The team, led by the Max Planck Institute for Astrophysics (MPA), gathered their information and compiled it with theoretical simulations to create yet another detailed map of the magnetic sky. As NRL’s Dr. Tracy Clarke, a member of the research team explains, “The key to applying these new techniques is that this project brings together over 30 researchers with 26 different projects and more than 41,000 measurements across the sky. The resulting database is equivalent to peppering the entire sky with sources separated by an angular distance of two full moons.” This huge amount of data provides a new “all-sky” look which will enable scientists to measure the magnetic structure of the Milky Way in minute detail.

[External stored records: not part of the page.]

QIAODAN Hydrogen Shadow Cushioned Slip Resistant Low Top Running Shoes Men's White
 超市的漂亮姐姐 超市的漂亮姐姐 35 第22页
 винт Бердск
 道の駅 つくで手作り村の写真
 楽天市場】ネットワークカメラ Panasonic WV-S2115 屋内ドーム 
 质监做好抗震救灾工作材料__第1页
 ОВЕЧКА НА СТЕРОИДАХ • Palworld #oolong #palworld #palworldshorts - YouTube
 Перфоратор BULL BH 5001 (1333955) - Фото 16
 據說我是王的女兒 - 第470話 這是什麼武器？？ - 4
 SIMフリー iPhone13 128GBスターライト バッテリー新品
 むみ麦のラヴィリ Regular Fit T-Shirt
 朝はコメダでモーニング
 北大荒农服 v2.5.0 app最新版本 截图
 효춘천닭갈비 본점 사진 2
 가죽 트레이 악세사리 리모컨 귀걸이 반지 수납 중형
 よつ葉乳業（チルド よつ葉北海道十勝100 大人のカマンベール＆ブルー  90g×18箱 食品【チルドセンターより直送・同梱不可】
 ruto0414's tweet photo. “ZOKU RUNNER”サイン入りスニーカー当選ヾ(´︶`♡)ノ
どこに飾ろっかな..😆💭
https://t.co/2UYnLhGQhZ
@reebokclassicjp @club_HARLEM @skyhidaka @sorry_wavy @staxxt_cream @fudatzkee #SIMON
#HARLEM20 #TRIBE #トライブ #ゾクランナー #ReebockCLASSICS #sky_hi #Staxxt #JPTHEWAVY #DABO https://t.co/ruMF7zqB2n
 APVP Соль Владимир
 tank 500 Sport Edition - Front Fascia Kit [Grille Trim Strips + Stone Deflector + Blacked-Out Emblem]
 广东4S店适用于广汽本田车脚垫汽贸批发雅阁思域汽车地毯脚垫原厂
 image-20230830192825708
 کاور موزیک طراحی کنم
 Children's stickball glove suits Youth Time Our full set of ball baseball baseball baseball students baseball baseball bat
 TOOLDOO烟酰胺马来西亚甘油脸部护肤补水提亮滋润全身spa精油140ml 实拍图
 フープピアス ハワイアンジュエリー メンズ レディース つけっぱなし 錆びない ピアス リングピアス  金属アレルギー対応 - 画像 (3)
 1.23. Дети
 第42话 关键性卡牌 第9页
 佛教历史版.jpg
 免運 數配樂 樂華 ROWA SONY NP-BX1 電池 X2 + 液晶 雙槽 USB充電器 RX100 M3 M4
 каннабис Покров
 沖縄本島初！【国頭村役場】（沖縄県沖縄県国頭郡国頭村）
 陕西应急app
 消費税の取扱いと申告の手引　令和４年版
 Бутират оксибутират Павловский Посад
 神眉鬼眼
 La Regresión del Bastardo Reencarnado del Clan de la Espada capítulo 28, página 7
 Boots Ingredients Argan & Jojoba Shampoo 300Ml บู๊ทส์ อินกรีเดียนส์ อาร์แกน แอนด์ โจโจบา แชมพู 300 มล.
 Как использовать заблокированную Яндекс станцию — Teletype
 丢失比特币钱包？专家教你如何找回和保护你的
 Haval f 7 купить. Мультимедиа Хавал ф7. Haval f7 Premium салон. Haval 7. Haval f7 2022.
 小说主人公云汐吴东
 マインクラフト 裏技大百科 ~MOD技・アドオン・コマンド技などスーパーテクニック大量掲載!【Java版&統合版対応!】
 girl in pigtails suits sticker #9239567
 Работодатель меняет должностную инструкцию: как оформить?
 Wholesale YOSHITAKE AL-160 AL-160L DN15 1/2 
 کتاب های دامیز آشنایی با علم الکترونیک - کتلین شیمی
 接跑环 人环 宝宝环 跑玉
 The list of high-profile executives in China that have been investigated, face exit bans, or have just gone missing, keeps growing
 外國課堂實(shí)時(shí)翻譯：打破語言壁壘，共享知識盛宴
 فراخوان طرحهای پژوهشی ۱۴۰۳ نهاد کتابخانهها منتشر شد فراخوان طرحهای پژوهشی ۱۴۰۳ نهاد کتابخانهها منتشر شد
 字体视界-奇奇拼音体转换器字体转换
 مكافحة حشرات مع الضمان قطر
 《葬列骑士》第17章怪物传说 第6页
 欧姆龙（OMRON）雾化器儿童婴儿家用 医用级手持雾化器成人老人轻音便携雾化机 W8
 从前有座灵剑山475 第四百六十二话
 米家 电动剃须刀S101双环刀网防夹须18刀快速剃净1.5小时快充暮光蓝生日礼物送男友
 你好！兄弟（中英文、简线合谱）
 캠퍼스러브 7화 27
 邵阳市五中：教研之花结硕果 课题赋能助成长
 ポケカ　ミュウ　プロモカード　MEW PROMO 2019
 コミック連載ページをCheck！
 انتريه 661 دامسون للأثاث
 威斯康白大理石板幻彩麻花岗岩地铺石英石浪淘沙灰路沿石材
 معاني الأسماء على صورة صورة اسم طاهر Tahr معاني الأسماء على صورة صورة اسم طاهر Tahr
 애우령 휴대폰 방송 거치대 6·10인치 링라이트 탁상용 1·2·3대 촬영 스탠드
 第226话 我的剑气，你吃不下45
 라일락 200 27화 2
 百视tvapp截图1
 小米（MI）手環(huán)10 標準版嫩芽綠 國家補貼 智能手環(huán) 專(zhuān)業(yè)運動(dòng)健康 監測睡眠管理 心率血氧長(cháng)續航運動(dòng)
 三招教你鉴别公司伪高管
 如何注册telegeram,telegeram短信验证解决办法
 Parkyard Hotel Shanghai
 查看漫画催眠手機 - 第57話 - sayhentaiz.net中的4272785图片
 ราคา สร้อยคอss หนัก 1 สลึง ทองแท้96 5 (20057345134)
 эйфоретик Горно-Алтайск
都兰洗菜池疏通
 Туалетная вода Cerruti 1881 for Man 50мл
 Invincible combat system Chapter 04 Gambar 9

In this map of the sky, a correction for the effect of the Galactic disk has been made in order to emphasize weaker magnetic field structures. The magnetic field directions above and below the disk seem to be diametrically opposed, as indicated by the positive (red) and negative (blue) values. An analogous change of direction takes place across the vertical center line, which runs through the center of the Milky Way. (Image Credit: Max Planck Institute for Astrophysics)
Just what’s so “new” about this map? This time we’re looking at a quantity called Faraday depth – an idea dependent on a line-of-sight information set on the magnetic fields. It was created by combining more than 41,000 singular measurements which were then combined using a new image reconstruction method. In this case, all the researchers at MPA are specialists in the new discipline of information field theory. Dr. Tracy Clarke, working in NRL’s Remote Sensing Division, is part of the team of international radio astronomers who provided the radio observations for the database. It’s magnetism on a grand scale… and imparts even the smallest of magnetic features which will enable scientists to further understand the nature of galactic gas turbulence.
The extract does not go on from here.